These are transcripts of lessons on “Reality of Revelation and Religious Experience” delivered by Shaykh Haider Hobbollah once a week in 2021.
Lesson 13 – July 7th, 2021
This is the last lesson of our series, in which we covered various interpretations regarding revelation, from the view of theologians, all the way to the view of those who consider it a religious experience.
In this lesson I will give an overview of some of the major critiques that have been offered on Soroush’s theories regarding revelation. Some of these critiques have been mentioned by various scholars, while some of them are my own which I have published in some of my works. I do not find some of the critiques by some scholars are valid or even strong, but I will be mentioning them anyways.
Before going over these critiques, I just want to clarify something for those who are not aware of contemporary Shī‘ī scholarship, especially within Iran, who may think most of these critiques, or the best critiques against Soroush are by scholars of the seminary. This is not accurate at all, and in fact, a lot of serious critiques on Soroush actually come from scholars who are known to be religious and political reformists themselves. I am simply making this point because some people think anyone who critiques Soroush must be from the religious seminary, or that his critics must all have very traditional views regarding religion and politics. This is not true at all, and as a matter of fact, a lot of his critics have very similar ideas on the role of religion in politics and also regarding religion and hermeneutics, but may differ on his interpretation of revelation.
I will summarize eight of these critiques:
1) A number of critics have said, Soroush’s assumption that faith (īmān) constantly needs to be renewed, and that this can only happen by revisiting religious texts and reinterpreting them is fallacious. Critics say, truth and falsehood are linked with the past or present; meaning just because something is old does not make it right or if it is new it does not make it true, likewise just because something is old does not make it wrong, nor does something being new make it false. These are logical fallacies.
Faith is a state and condition of the heart, and though understanding of religion plays a role in strengthening it, this connection does not necessitate the revisiting of religion. Further, just because someone revisits the religion and its interpretation, does not mean they will necessarily arrive at new conclusions, when in fact sometimes revisiting past interpretations could also further affirm that they were correct.

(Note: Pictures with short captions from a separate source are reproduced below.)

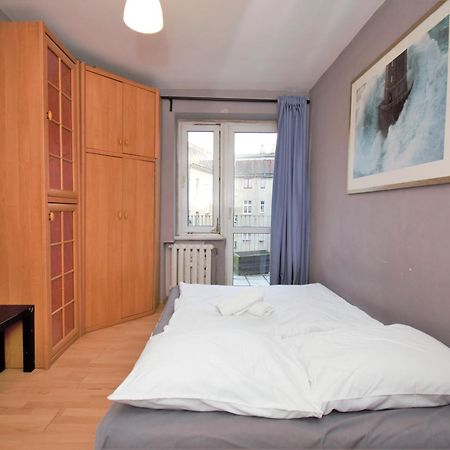 Roomspoznan Pl - Rybaki 15 - 24H Self Check-In Buitenkant foto
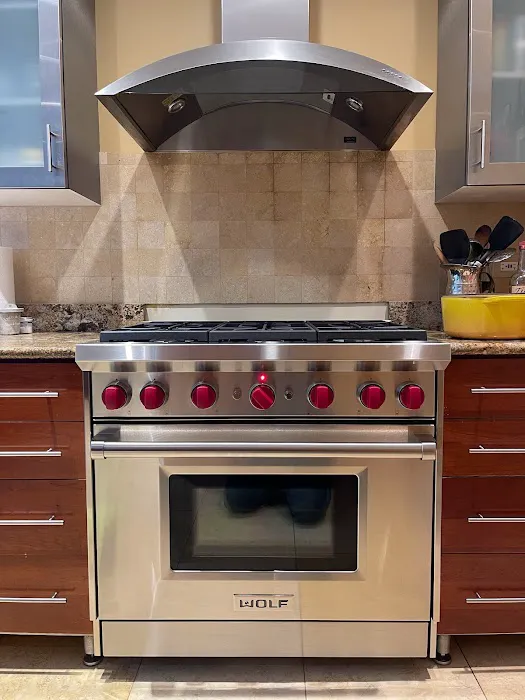 KTMG LLC (Appliance Delivery & Install) Picture 4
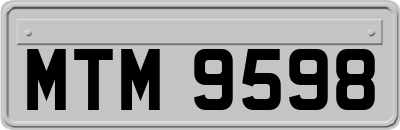 MTM9598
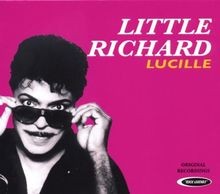 Lucille von Little Richard | CD | Zustand sehr gut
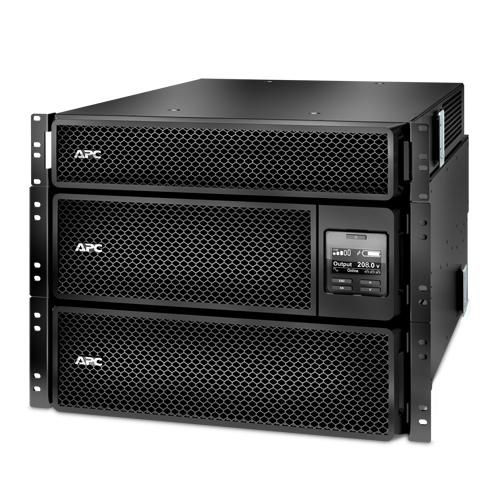 APC SRT8KRMXLT-5KTF Smart-Ups Double-Conversion SRT8KRMXLT-5KTF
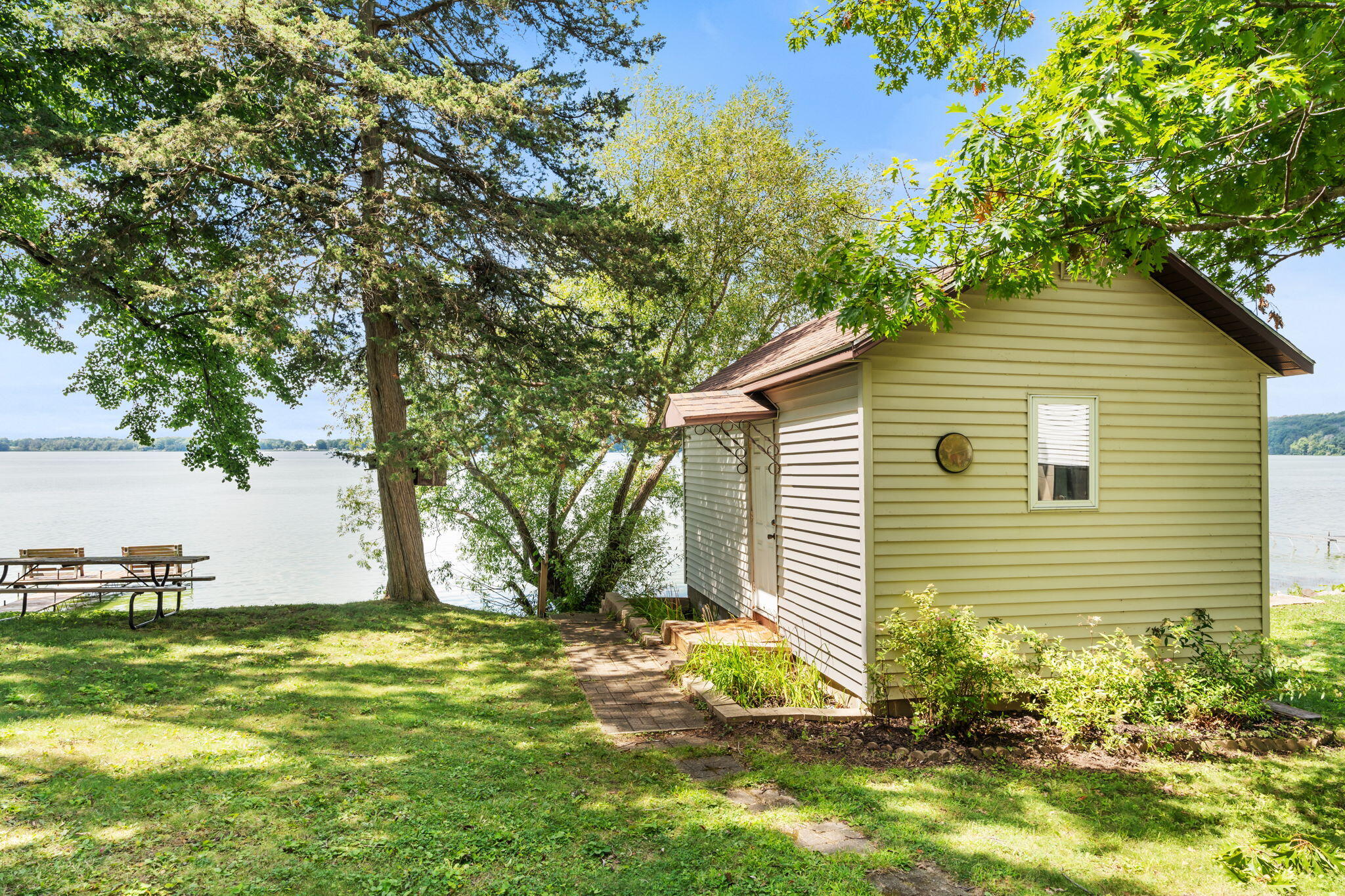 N2981 E Little Green Rd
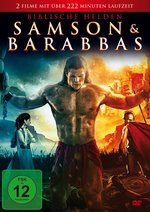 Film: Biblische Helden - Samson & Barabbas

The crux of this critique is that just because faith needs to be strengthened in the modern era, it does not mean a new interpretation of religion needs to be offered to strengthen it, when in fact one can strengthen it even by reaffirming or being reassured of the truth of the past understanding of religion as well.
2) Some critics have said, by linking revelation with religious experience, Soroush has essentially negated any epistemic value for revelation, as there is nothing being revealed to the Prophet and rather everything is his own personal interpretation. According to Soroush’s theory, we gain knowledge by utilizing the Prophet’s own interpretation of what he witnessed to get to the message Allah intended on revealing, and the Prophet’s own interpretation is meaningless for us.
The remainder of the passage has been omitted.